RECORDS FOR THE EXERCISE:
.....

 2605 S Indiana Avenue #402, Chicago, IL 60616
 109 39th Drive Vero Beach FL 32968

.....

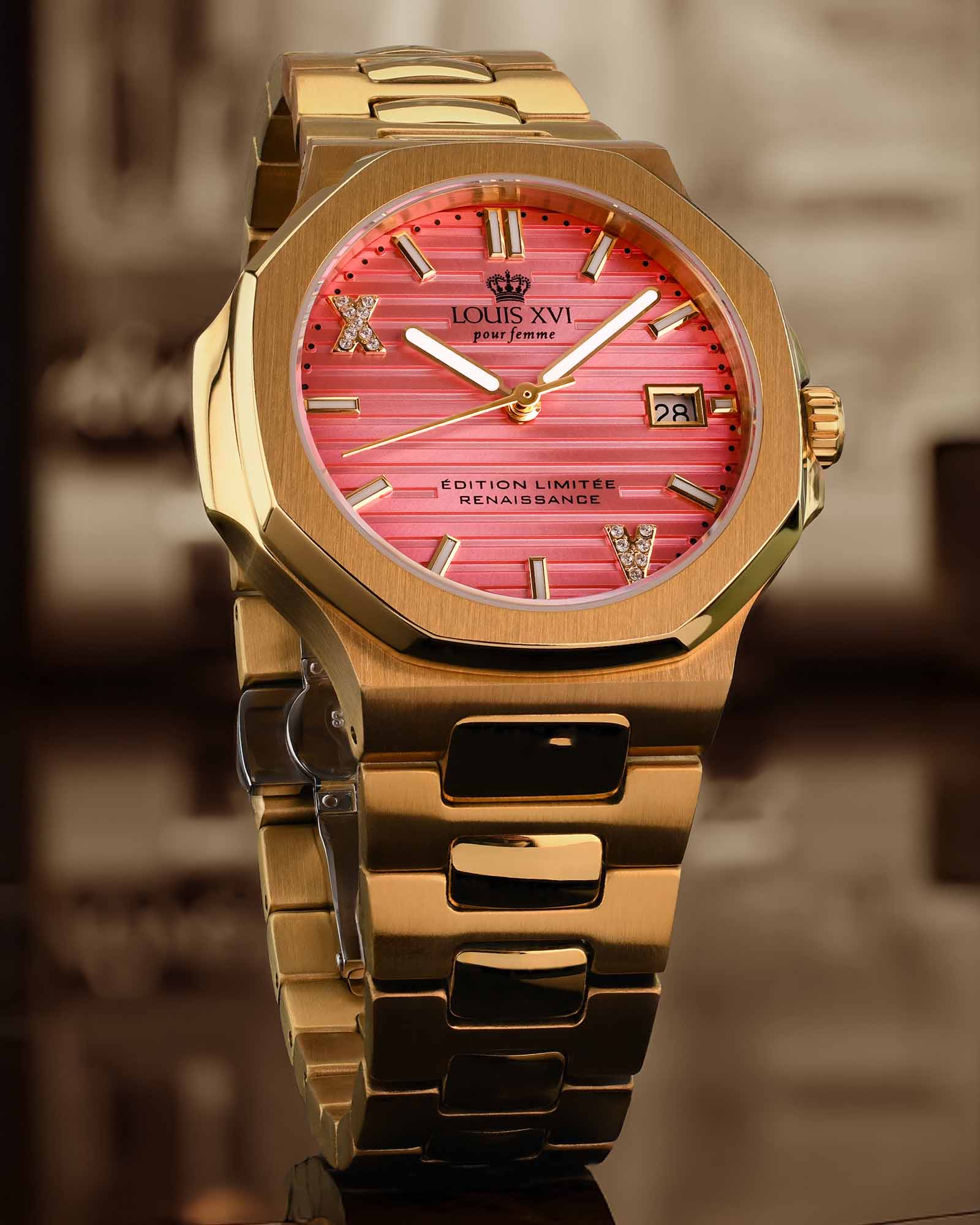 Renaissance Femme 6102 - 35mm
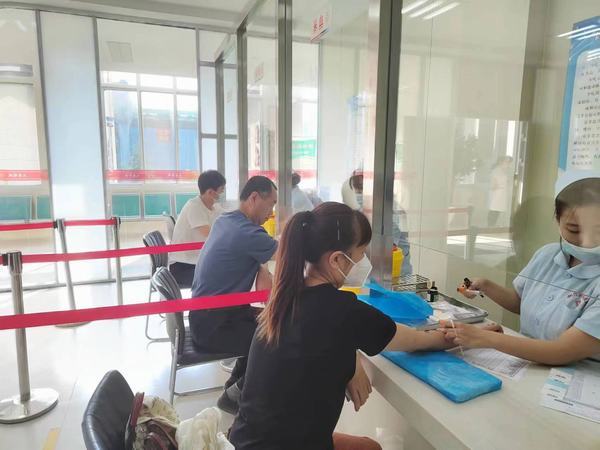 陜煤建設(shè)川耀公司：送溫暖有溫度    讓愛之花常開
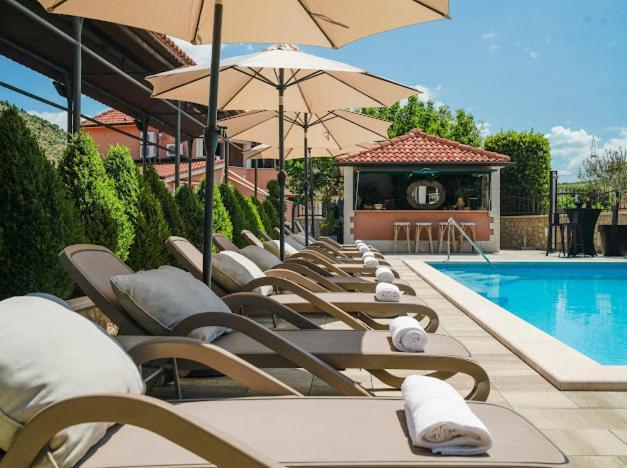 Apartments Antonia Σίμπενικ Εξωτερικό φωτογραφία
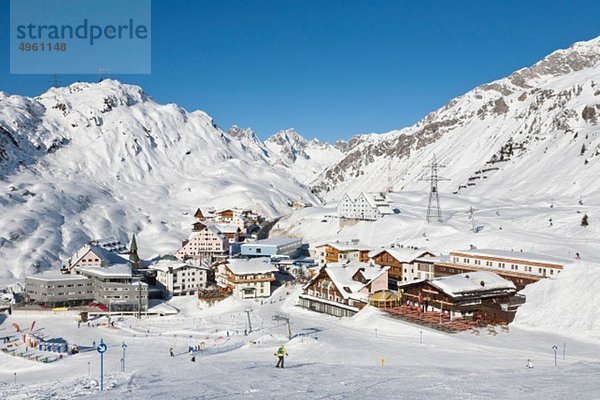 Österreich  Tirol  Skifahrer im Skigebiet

.....

TASK ITEM: The entries above hold a line with "2605 S Indiana" and a later line with "109 39th Drive Vero Beach FL 32968". Write out exactly those lines and all lines between, nothing more.

ANSWER:
 2605 S Indiana Avenue #402, Chicago, IL 60616
 109 39th Drive Vero Beach FL 32968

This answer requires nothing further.